Bruckner-Sinfonie anders im Schönberg-Jahr

Eine verkleinerte Version von Bruckners Sinfonie Nr. 6, prächtig musiziert von einem neunköpfigen Ensemble
Eine verkleinerte Version von Bruckners Sinfonie Nr. 6, prächtig musiziert von einem neunköpfigen Ensemble © Hartl

Es war wie ein Pflichtbeitrag der Bruckner-Uni im Brucknerjahr, seine Sinfonie Nr. 6 (1879-81) in einer Kammermusikfassung in der Privatuniversität vorzustellen. Der dort als Professor für Musiktheorie lehrende deutsche Organist Matthias Giesen hat die verkleinerte Version von Bruckners Sinfonie Nr. 6 erstellt und ihre „Uraufführung“ am Mittwoch einem neunköpfigen Ensemble anvertraut.

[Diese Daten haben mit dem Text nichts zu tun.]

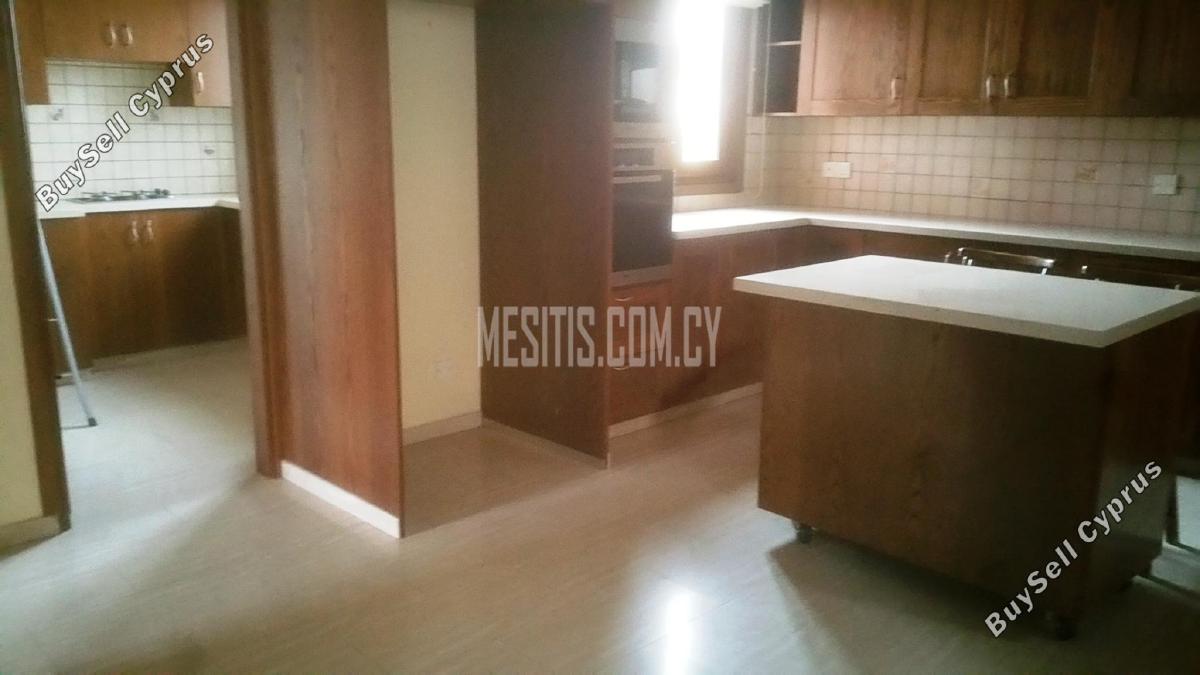 3 bedroom detached house for sale geri nicosia 977689 image 10563780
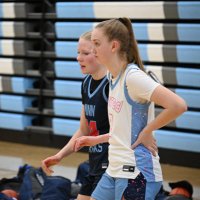 Elly Herickhoff (@herickhoffelly) 's Twitter Profile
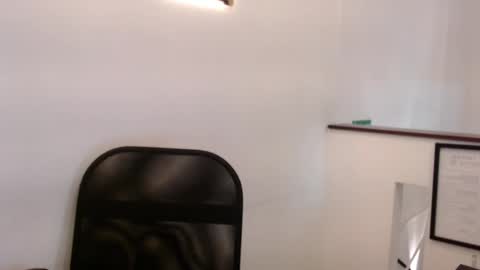 Eros online show from February 7, 2026, 1:20 am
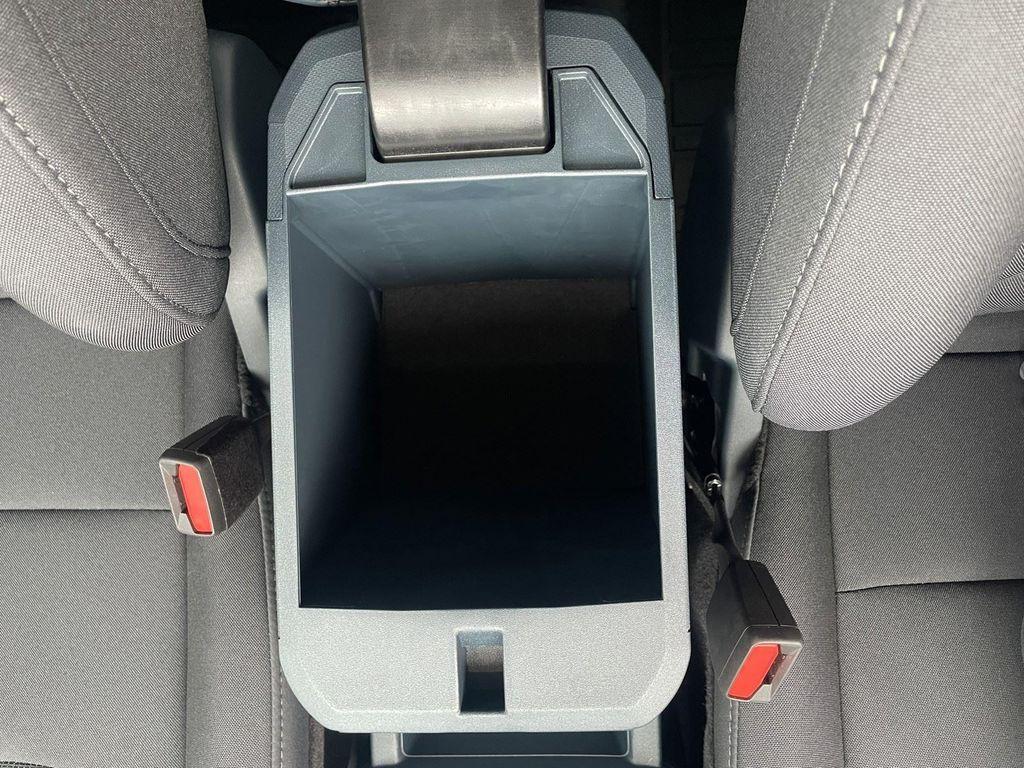 new 2025 Ford Maverick car, priced at $29,619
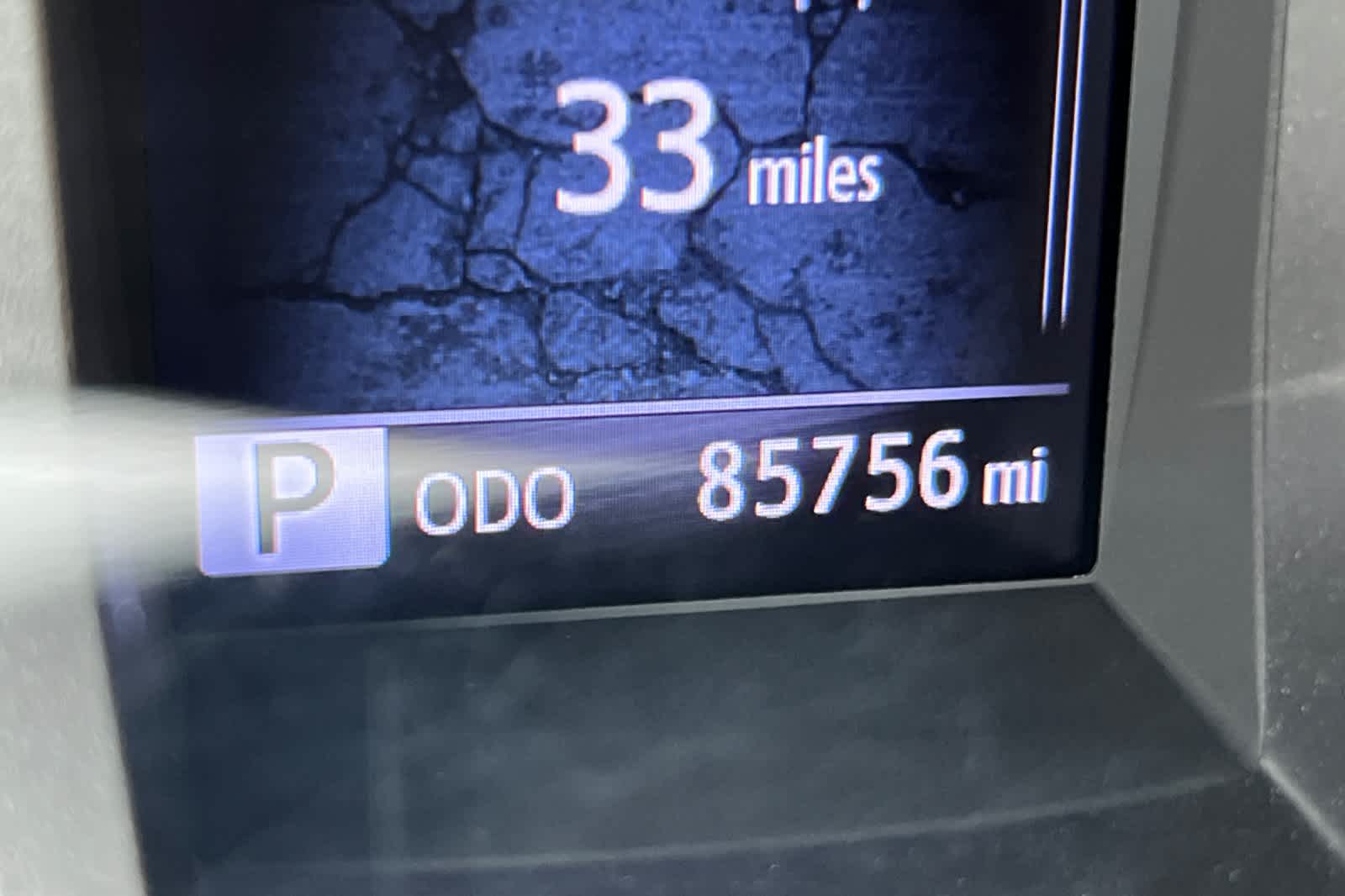 Thumbnail: 2021 Toyota Tacoma - 27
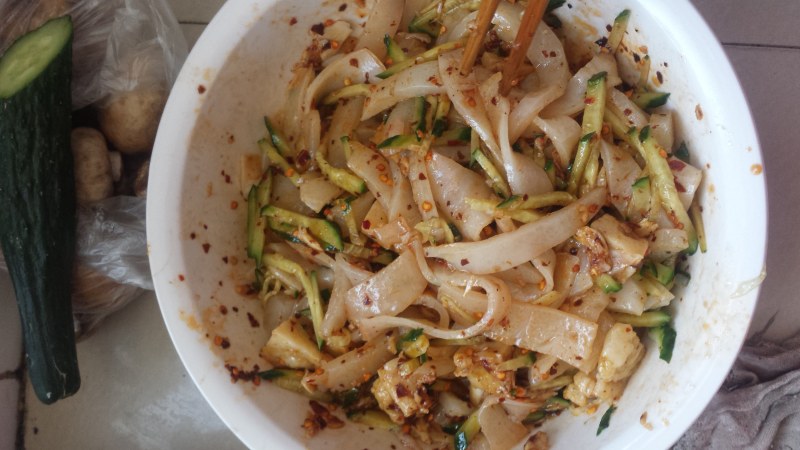 霉豆腐十大家常做法，十种美味吃法全解析-图8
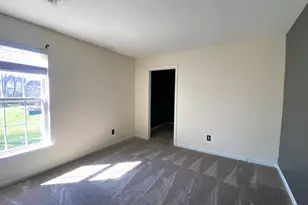 7891 Celestial Cir, Liberty Township, OH 45044 - Photo 55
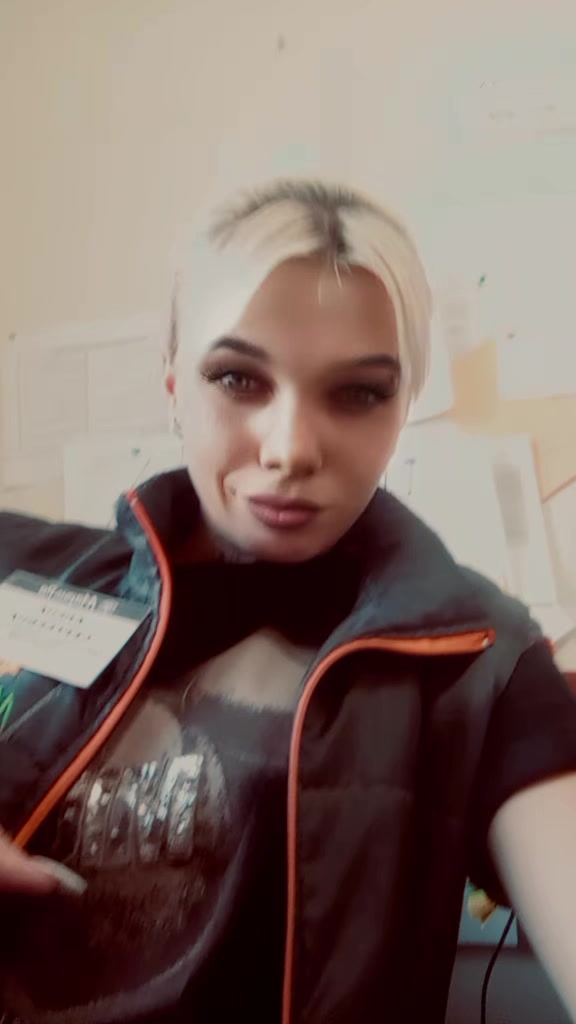 @alena12_025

Eine Sensationsleistung, die jede Erwartung von einer neuen Sechsten von Bruckner mit einer komplexen Rezeptionsgeschichte übertroffen hatte. Die Idee hat ihren Ursprung bei Arnold Schönberg, dem um fünfzig Jahren jüngeren Vater der Moderne, daher ist 2024 auch ein Schönberg-Jahr.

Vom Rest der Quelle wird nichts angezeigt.